### SUPPLIED MATERIAL
§

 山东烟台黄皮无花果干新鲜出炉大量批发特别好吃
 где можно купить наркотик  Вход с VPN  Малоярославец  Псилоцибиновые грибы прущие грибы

§

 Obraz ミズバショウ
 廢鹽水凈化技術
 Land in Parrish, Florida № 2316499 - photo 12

§

### AIM OF THE EXERCISE
All that is wanted is the stretch of lines above from the one containing "山东烟台黄皮无花果干新鲜出炉大量批发特别好吃" through the one containing "где можно купить", duplicated exactly.

### OUTPUT BELOW
 山东烟台黄皮无花果干新鲜出炉大量批发特别好吃
 где можно купить наркотик  Вход с VPN  Малоярославец  Псилоцибиновые грибы прущие грибы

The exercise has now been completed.